Nietos. Por Jorge Orellana Lavanderos escritor y maratonista

Impostergable, el registro del tiempo indica que la Tierra - en Movimiento de Traslación - ha girado una vez más en torno al Sol. Anclado a ella por la Fuerza de Gravedad y sin haberlo notado, he descrito una completa órbita elíptica en el mismo período en que mi vida ha avanzado un año.

-¡Que complicada forma de decir que tuviste cumpleaños Jorge! – Argüiría mi nieto de solo cuatro años si se lo explicara en tales términos, reclamando con su voz rasposa de hombrecito fuerte y de apasionado temperamento, aunque de fácil control para su hermana mayor en dos años, que en cambio, observaría nuestra discusión con mirada señera y dulce en la que incubaría importantes reflexiones, para luego desviarnos con sutil delicadeza hacia otra materia. 

Ya no los tengo conmigo para intentar adivinar sus fascinantes reacciones, sus padres - que nos los encomendaron por diez días, han venido ayer por ellos - justo el día de mi cumpleaños - y me he quedado cavilando acerca de lo ingenuo y encantador que suele ser el ser humano durante el paso que antecede a su abrumador despertar.

A su edad, inocentes y frágiles son seres humildes, y tal característica, que aflora en cada uno de sus tímidos gestos, derrama ternura y encanto, pues reconoce la vulnerabilidad que gobierna nuestra feble condición. ¿En qué momento llegamos a ser los arrogantes seres en que con frecuencia nos convertimos? Algo de mí - que he cumplido 66 años - medita al verlos alejarse, y se apodera de mí la inquietante pregunta inversa: ¿En qué momento, desde la arrogancia, recuperamos el frágil mundo de ternura que invade la niñez?

Era mi obligación, cada día de los que permanecieron conmigo, conducirlos al colegio.
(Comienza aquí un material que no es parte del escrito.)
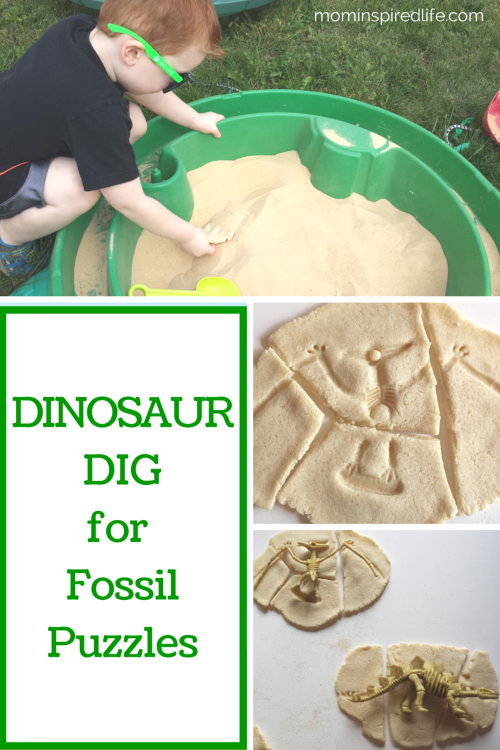 Fossil Dig PNG - 153212
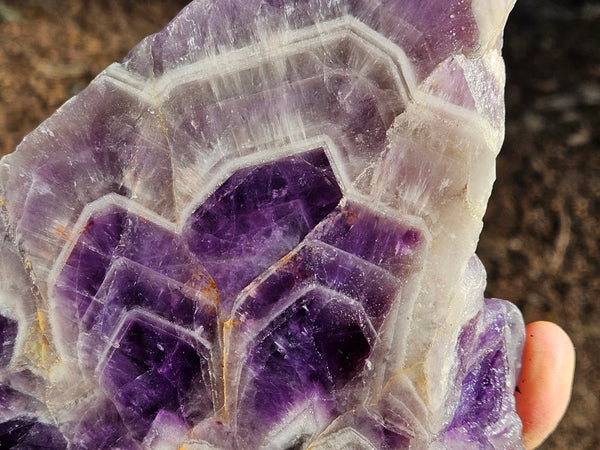 Polished  Amethyst. Rwanda AMP110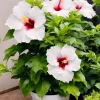 Hibiscus Live Plant - Tropical Flowering Shrub for Garden & Patio - Image 1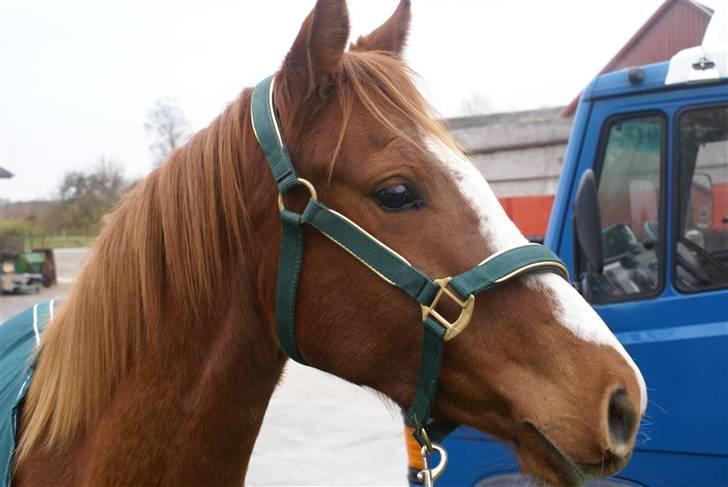Welsh Partbred (Sec F) Zena - zena siger hej til min profil... billede 1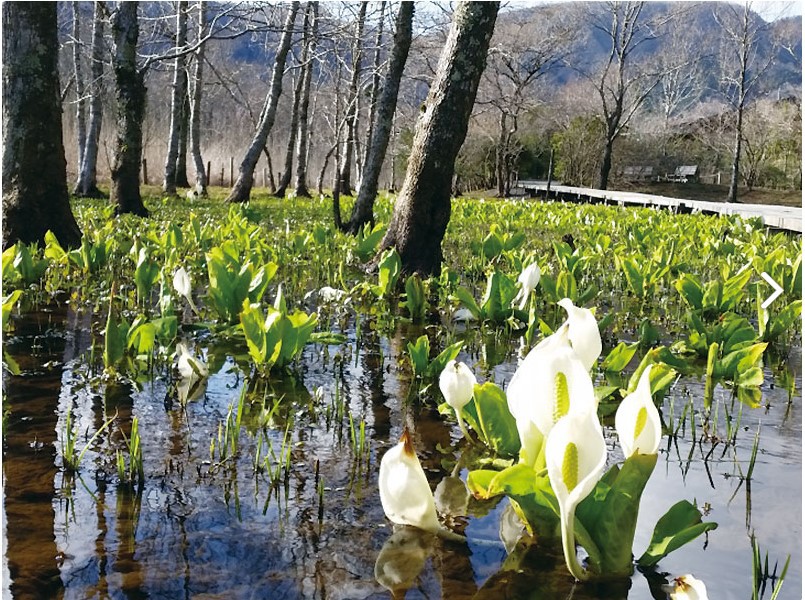 箱根湿生花園は３月１６日開園です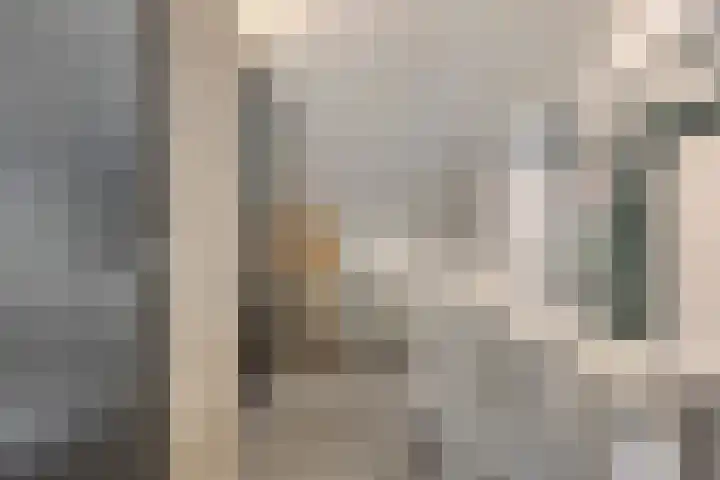 Het Oldehof 5 Appelscha thumbnail 29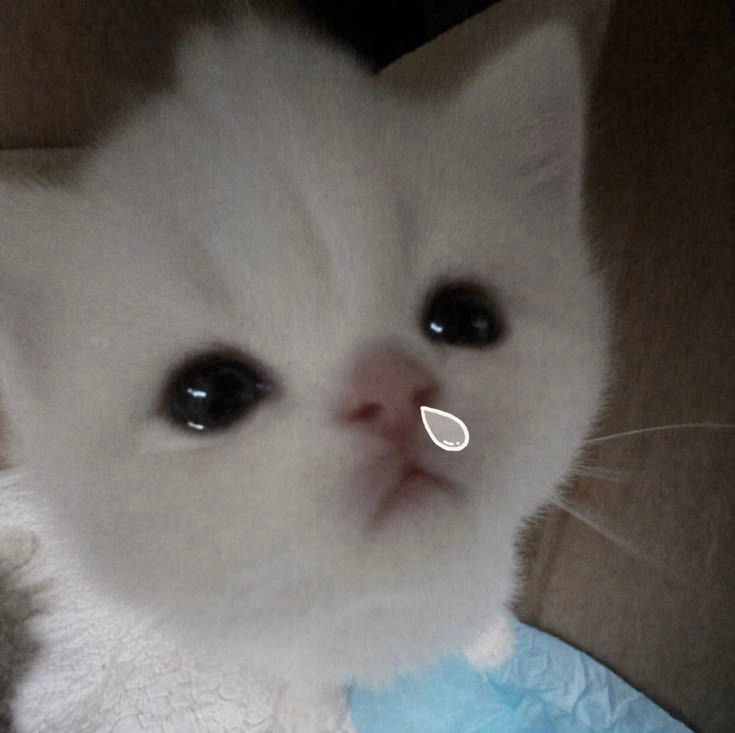 <3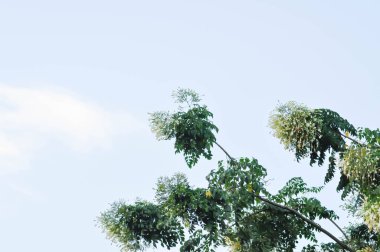 Mantar ağacı, Hint mantar ağacı veya Millingtonia hortensis Linn veya BIGNONIACEAE bitki ve gökyüzü arkaplanı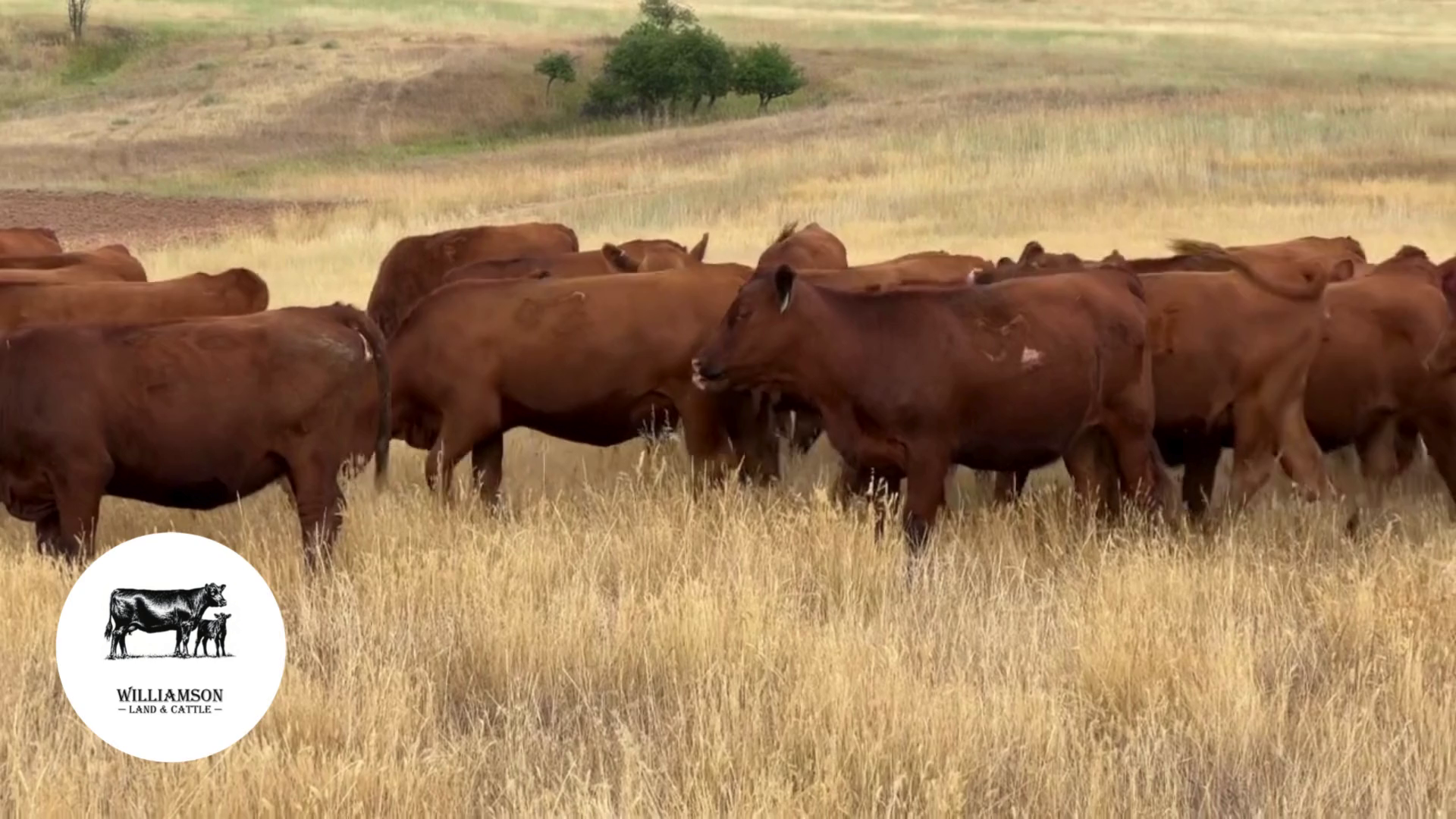 BH807D- 204 Bred Heifers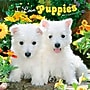2027 BrownTrout I Love Puppies 12" x 12" Monthly Wall Calendar (9798330711833)~#|#~sp320848209_sc7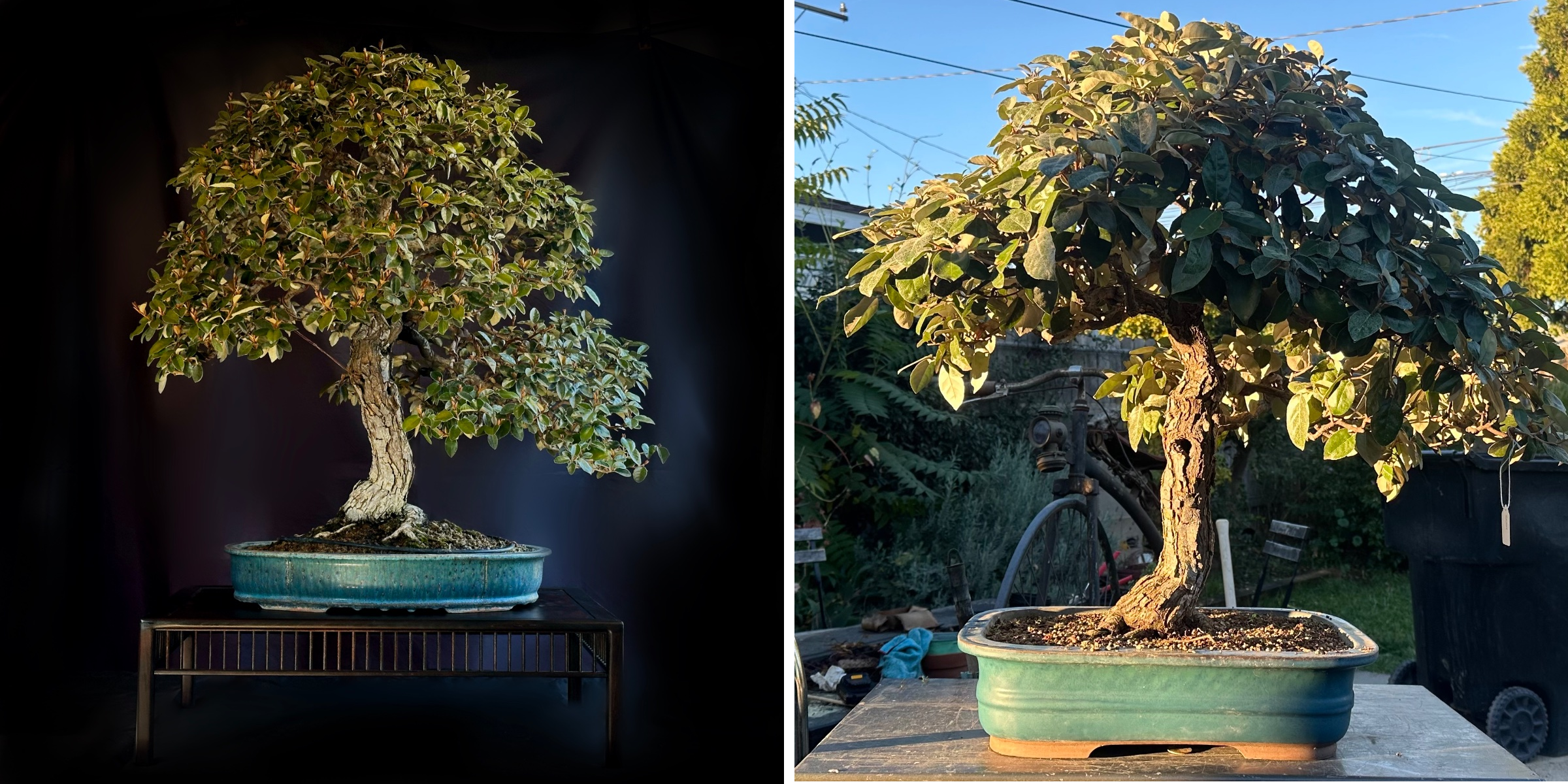 Silverberry (1 year progression)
Ellos dirigían el camino. Primero dejábamos a Ignacia, que después de bajar del vehículo, se despedía y caminaba con seguridad hasta girar el cuerpo en la entrada al colegio para dedicarnos un delicado adiós y perderse luego entre sus compañeros. La turbadora ceremonia del adiós, en que un rayo de incertidumbre atraviesa cruelmente nuestra levedad, ocurre a cada rato en la incierta vida de un hombre, ¿Cuántas veces nos cruzamos en un día con rostros que desconocemos cuando, y si alguna vez volveremos a ver? A continuación, llevaba al hermano menor, y para él, el proceso de separación era algo más duro, por lo que se iniciaba entre nosotros una suerte de negociación, cuya tardanza en el acuerdo, dependía de mi capacidad para ayudarle a lograr el control de su razonamiento sobre su emotividad y vencer el trauma de la despedida.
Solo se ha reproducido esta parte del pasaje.